Check out which companies are making headlines before the bell:
SodaStream–The maker of home beverage systems earned eight cents per share for the first quarter, beating estimates by seven cents, while revenue was in line with forecasts. The company said the U.S. holiday season was "challenging", but added that growth outside the U.S. was strong.
OpenTable–Bank of America/Merrill Lynch repeated a "buy" rating on the online restaurant reservation service's shares, following Tuesday's seven percent decline. That came after Yelp announced a free restaurant reservation system for users.
Plug Power–The power systems maker reported a quarterly loss of six cents per share, wider than the five cents forecast by analysts.
Fossil —The fashion accessory maker reporting first quarter profit of $1.22 per share, five cents above estimates, with revenue above forecasts as well. However, Fossil also sees current quarter profit well below Street estimates, with same-store sales in North America continuing to decline.
Take-Two Interactive –The game maker earned 21 cents per share, excluding certain items, for its fourth quarter, eleven cents above estimates, and revenue beat analyst forecasts by a wide margin. The company does see a current quarter loss wider than Wall Street had been expecting, even amid steady sales of its "Grand Theft Auto" and "NBA 2K14" games.

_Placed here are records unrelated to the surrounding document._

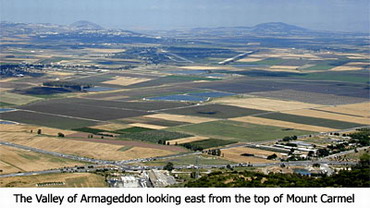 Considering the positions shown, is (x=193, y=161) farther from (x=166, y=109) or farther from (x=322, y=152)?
(x=166, y=109)

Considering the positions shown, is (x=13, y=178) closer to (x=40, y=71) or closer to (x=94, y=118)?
(x=94, y=118)

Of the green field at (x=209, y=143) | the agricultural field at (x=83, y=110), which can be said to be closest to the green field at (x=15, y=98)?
the agricultural field at (x=83, y=110)

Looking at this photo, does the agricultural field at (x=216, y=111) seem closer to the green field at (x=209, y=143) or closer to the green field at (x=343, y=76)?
the green field at (x=209, y=143)

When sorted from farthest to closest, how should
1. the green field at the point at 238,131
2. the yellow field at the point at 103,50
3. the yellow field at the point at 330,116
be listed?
the yellow field at the point at 103,50, the yellow field at the point at 330,116, the green field at the point at 238,131

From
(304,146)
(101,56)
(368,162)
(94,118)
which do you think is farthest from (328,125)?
(101,56)

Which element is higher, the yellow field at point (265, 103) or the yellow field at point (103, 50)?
the yellow field at point (265, 103)

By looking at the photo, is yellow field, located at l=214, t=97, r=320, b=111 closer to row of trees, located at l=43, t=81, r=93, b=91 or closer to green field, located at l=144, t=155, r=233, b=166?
row of trees, located at l=43, t=81, r=93, b=91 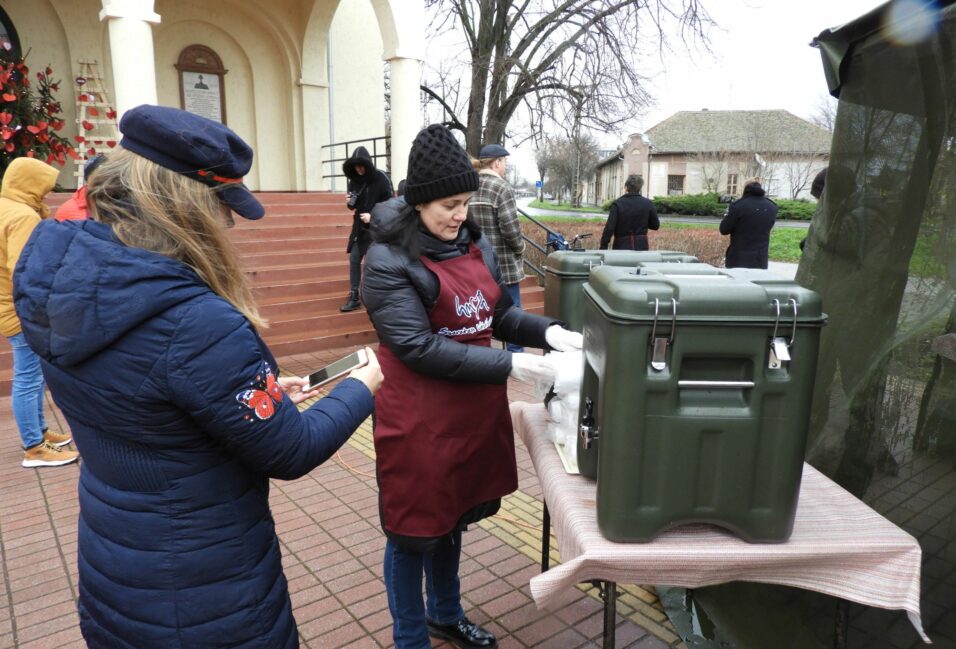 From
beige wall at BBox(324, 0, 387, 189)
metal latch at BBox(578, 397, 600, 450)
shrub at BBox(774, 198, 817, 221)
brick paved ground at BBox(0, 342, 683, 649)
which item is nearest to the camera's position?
metal latch at BBox(578, 397, 600, 450)

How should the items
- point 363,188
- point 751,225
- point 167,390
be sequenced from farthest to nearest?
point 751,225 → point 363,188 → point 167,390

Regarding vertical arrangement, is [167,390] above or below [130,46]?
below

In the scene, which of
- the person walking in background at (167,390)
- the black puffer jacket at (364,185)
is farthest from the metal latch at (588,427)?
the black puffer jacket at (364,185)

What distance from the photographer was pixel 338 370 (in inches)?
65.1

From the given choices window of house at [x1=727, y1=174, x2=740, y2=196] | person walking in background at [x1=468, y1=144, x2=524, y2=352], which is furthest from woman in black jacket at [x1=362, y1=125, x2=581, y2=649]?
window of house at [x1=727, y1=174, x2=740, y2=196]

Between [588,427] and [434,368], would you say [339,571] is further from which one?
[588,427]

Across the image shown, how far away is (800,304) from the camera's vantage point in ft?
4.67

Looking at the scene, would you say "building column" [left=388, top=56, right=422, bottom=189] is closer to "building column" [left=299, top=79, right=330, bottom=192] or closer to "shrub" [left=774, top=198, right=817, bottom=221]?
"building column" [left=299, top=79, right=330, bottom=192]

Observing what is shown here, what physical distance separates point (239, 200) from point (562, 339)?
1208 mm

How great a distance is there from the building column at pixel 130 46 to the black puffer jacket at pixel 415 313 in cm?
670

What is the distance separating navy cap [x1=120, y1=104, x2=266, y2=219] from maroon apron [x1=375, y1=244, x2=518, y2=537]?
80 centimetres

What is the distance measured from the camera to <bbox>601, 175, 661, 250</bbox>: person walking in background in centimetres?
791

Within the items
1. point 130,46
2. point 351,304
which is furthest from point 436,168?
point 130,46

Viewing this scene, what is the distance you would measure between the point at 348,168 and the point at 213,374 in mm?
6102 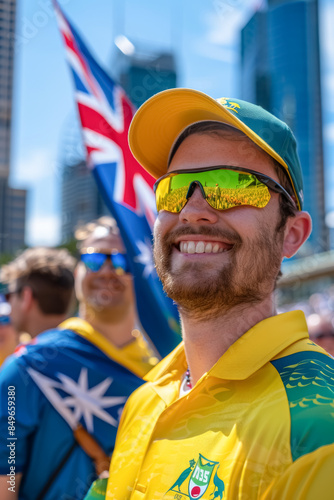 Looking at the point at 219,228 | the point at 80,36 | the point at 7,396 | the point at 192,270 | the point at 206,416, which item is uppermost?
the point at 80,36

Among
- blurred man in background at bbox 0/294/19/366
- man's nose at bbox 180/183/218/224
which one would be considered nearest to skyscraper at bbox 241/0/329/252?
blurred man in background at bbox 0/294/19/366

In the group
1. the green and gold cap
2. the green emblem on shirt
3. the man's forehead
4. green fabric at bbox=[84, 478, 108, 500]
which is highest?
the green and gold cap

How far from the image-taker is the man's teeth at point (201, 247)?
1650 mm

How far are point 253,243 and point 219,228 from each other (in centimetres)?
12

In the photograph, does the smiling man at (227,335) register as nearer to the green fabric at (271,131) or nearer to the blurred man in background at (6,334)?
the green fabric at (271,131)

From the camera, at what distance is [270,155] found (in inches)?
66.2

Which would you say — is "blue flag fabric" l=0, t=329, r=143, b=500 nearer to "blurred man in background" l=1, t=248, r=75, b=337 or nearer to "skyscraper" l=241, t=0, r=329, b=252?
"blurred man in background" l=1, t=248, r=75, b=337

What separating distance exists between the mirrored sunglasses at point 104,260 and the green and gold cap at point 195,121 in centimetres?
130

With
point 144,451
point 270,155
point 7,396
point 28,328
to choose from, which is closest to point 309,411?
point 144,451

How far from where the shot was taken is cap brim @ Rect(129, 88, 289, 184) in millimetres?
1634

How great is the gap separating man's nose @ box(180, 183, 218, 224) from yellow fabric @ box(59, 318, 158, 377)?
1.52 meters

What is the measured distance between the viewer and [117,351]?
3.05m

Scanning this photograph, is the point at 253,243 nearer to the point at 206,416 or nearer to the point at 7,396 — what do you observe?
the point at 206,416

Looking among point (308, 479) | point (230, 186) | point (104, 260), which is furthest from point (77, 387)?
point (308, 479) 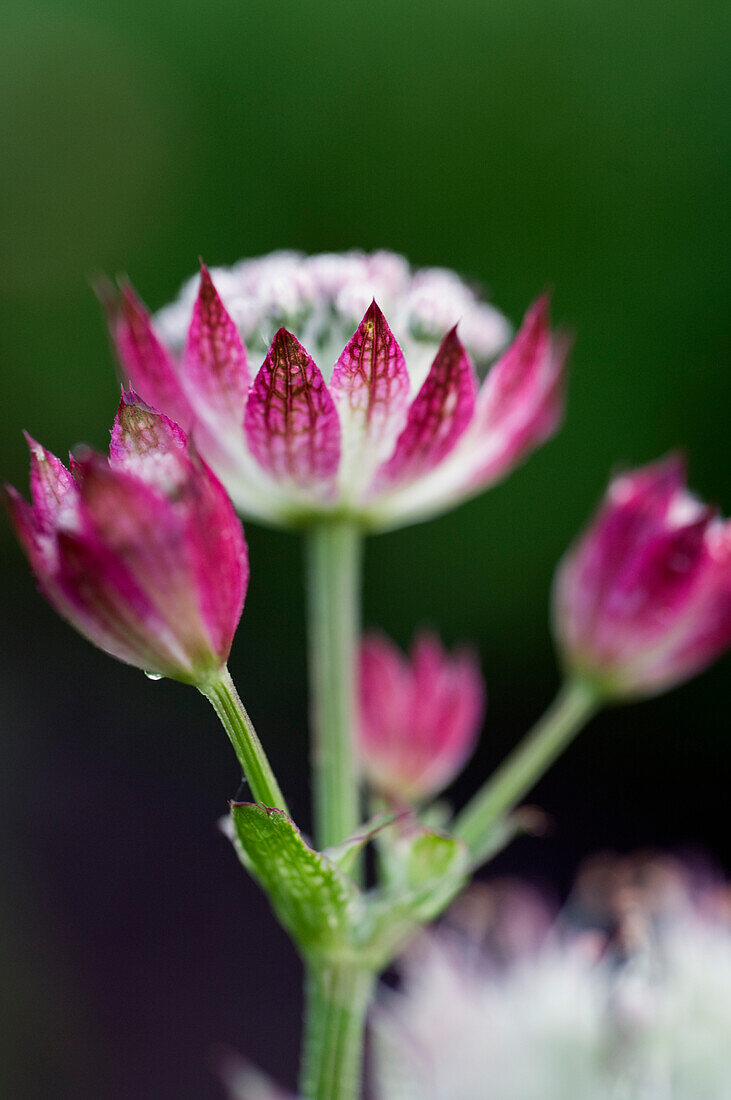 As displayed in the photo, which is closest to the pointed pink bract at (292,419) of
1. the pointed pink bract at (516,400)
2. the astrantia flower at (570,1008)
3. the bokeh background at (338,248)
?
the pointed pink bract at (516,400)

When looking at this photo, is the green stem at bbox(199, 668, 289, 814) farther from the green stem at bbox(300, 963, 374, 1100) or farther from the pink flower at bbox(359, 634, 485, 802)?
the pink flower at bbox(359, 634, 485, 802)

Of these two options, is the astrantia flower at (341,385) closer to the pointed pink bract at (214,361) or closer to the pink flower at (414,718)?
the pointed pink bract at (214,361)

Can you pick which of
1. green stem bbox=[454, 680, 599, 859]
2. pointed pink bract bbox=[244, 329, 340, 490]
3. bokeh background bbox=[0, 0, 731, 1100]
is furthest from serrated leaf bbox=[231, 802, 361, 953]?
bokeh background bbox=[0, 0, 731, 1100]

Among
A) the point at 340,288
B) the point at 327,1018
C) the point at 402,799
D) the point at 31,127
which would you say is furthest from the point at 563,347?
the point at 31,127

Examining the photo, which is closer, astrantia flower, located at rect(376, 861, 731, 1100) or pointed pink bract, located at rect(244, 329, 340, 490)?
pointed pink bract, located at rect(244, 329, 340, 490)

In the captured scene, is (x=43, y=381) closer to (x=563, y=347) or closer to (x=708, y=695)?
(x=708, y=695)

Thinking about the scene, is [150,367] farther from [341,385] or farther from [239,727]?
[239,727] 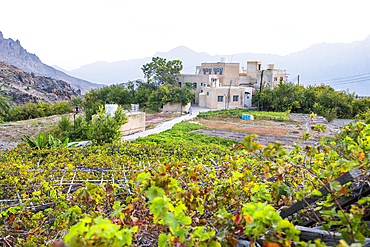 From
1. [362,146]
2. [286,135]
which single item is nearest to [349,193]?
[362,146]

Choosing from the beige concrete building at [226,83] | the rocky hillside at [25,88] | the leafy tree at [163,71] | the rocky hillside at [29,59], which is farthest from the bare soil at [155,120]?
the rocky hillside at [29,59]

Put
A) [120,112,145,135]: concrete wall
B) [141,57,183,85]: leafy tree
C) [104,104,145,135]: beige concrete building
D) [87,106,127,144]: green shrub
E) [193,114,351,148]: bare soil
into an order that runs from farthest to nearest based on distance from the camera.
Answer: [141,57,183,85]: leafy tree → [120,112,145,135]: concrete wall → [104,104,145,135]: beige concrete building → [193,114,351,148]: bare soil → [87,106,127,144]: green shrub

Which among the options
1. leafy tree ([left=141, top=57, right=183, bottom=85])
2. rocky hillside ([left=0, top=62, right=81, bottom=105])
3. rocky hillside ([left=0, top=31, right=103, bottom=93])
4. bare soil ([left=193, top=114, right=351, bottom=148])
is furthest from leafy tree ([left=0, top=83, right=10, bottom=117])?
rocky hillside ([left=0, top=31, right=103, bottom=93])

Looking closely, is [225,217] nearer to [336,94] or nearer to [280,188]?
[280,188]

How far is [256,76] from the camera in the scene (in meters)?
48.2

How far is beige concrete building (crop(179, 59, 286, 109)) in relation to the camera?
3919cm

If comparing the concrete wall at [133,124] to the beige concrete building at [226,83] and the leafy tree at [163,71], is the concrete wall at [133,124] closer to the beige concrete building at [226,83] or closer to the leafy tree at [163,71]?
the beige concrete building at [226,83]

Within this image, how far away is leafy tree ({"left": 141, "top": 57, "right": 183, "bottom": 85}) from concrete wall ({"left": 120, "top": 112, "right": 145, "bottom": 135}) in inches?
1096

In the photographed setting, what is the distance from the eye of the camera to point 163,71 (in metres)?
47.6

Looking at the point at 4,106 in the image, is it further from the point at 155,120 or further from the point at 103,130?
the point at 103,130

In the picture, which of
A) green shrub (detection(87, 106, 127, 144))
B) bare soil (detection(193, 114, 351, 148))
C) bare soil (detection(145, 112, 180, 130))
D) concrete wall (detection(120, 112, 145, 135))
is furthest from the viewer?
bare soil (detection(145, 112, 180, 130))

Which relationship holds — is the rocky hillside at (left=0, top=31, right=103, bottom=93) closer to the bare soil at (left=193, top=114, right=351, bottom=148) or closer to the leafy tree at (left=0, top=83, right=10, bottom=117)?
the leafy tree at (left=0, top=83, right=10, bottom=117)

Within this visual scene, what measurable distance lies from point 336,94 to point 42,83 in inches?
3466

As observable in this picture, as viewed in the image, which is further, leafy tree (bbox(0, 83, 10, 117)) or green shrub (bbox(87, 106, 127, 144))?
leafy tree (bbox(0, 83, 10, 117)) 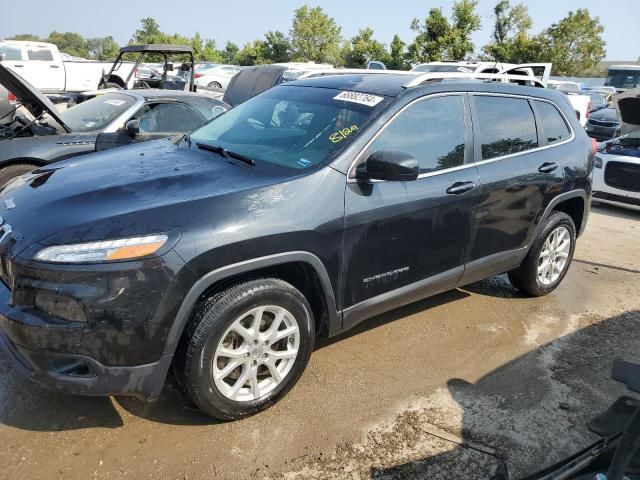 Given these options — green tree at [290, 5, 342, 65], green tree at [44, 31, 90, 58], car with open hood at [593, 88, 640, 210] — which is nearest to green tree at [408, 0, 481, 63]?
green tree at [290, 5, 342, 65]

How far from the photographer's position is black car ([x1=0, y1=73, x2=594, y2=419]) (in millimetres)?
2346

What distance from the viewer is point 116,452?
2559mm

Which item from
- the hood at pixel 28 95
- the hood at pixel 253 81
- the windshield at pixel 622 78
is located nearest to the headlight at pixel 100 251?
the hood at pixel 28 95

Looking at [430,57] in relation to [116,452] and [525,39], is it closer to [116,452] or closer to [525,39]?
[525,39]

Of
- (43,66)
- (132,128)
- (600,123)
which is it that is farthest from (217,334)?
(43,66)

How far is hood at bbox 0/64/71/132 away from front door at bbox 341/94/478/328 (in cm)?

Anadarko Petroleum–Anadarko raised its quarterly dividend by 50 percent to 27 cents per share, after having increased its quarterly payout just last August.
Krispy Kreme Doughnuts—Krispy Kreme has named Anthony Thompson as its new chief executive officer, replacing James Morgan, who will serve as executive chairman. Thompson had been president and chief operating officer at pizza chain Papa John's.
Sony–Sony is forecasting an annual loss for a second consecutive year, and said it planned new restructuring measures.
Fortress Investment Group–Fortress is considering a $4.7 billion bid for Stuyvesant Town-Peter Cooper Village in New York, according to a Bloomberg report.
Pandora–The online radio service's shares were upgraded to "outperform" from "market reform" at Raymond James.